_Exercise material_
▼

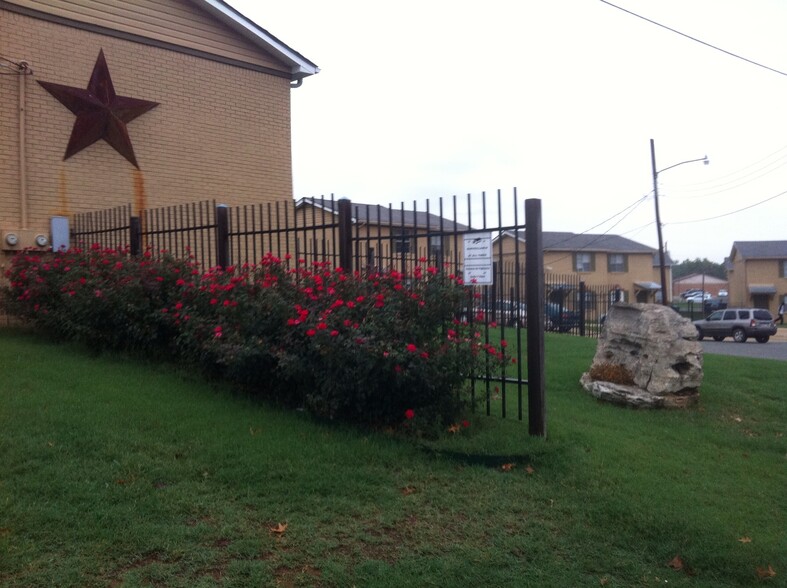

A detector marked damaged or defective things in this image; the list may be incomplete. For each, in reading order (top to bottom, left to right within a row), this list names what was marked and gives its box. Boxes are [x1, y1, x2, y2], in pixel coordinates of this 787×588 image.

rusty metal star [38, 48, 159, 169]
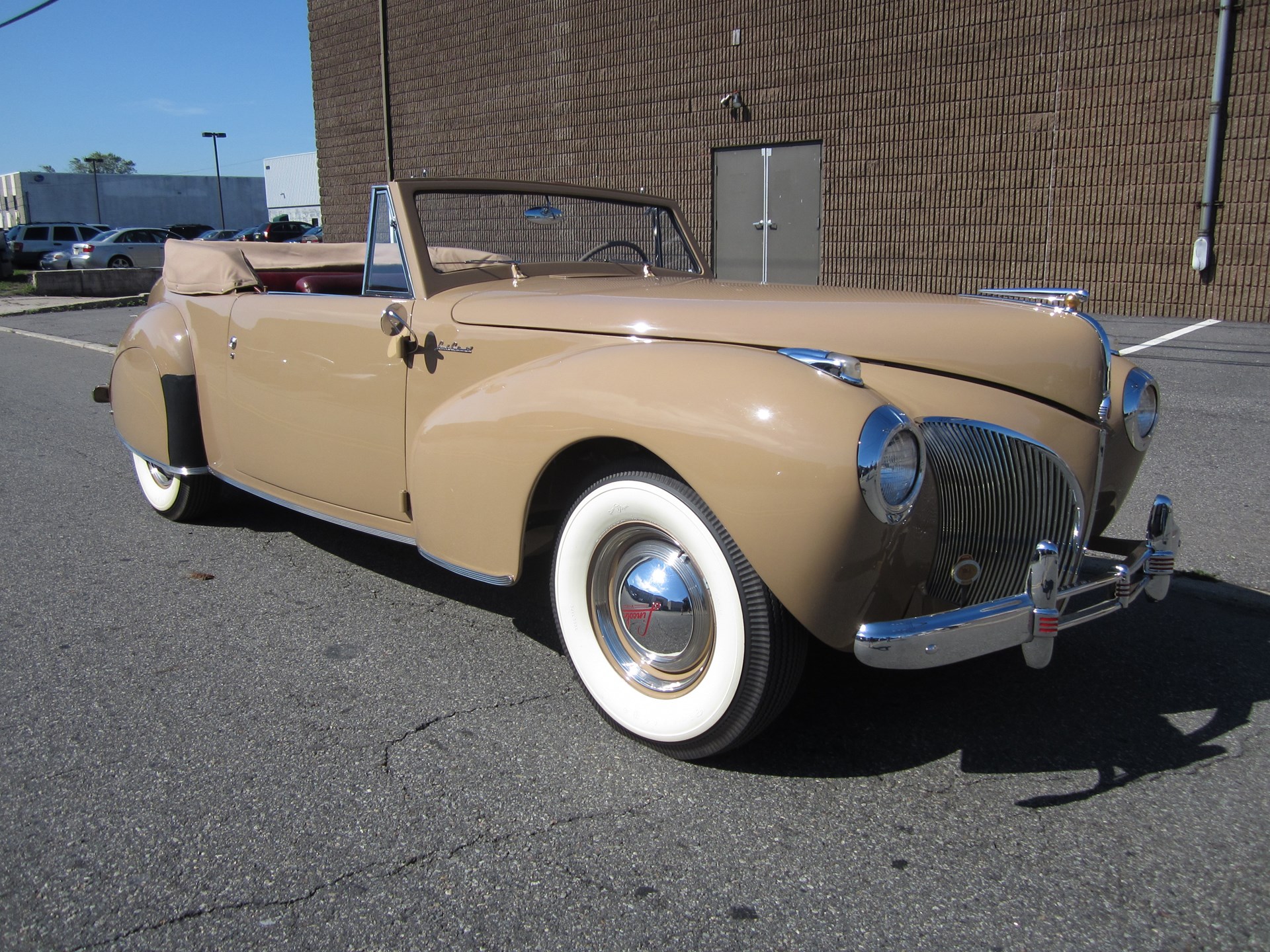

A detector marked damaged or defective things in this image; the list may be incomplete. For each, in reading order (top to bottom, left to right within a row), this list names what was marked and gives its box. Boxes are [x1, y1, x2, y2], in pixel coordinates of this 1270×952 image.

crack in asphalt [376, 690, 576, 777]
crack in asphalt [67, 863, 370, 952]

▲
▼

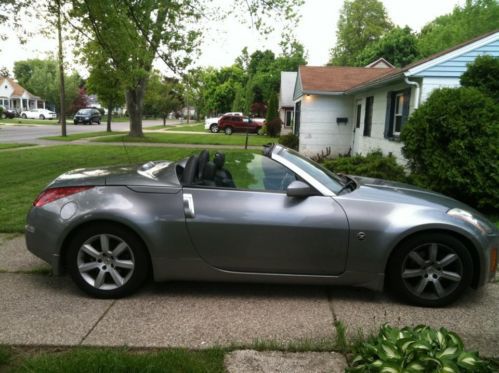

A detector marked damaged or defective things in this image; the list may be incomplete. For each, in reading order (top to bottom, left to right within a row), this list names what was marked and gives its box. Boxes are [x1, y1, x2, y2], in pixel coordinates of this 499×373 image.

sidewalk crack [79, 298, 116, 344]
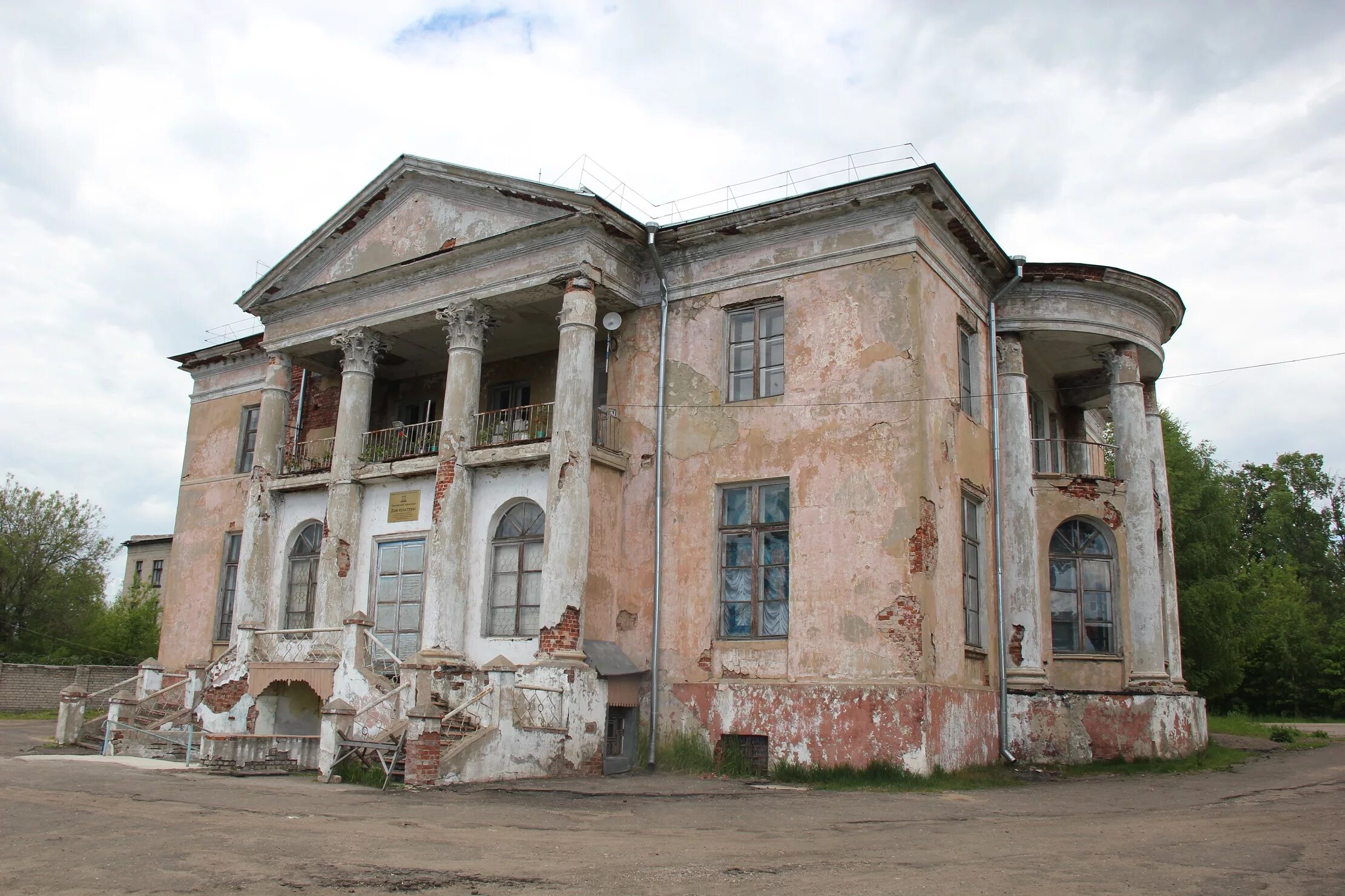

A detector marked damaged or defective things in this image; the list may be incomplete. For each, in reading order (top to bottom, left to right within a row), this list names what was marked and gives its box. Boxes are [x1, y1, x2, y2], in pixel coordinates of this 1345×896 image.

▲

With the pictures removed from your copy, retype the lines above from the one that contains "this 499×373 image." through the one that contains "this 1345×896 image.", exactly.

A detector marked damaged or defective things in this image; the list may be incomplete. For each, in reading order (top to bottom, left to right within a row), this list names what was marked and gives its box. Boxes are [x1, y1, x2, y2], in pixel coordinates of this 499×373 image.

sidewalk crack [79, 298, 116, 344]

A detector marked damaged or defective things in this image; the list may be incomplete. For each, in reading order (top to bottom, left to right within a row), this list names what was marked and gives its box. Boxes are [x1, y1, x2, y2], in pixel coordinates of this 1345×896 image.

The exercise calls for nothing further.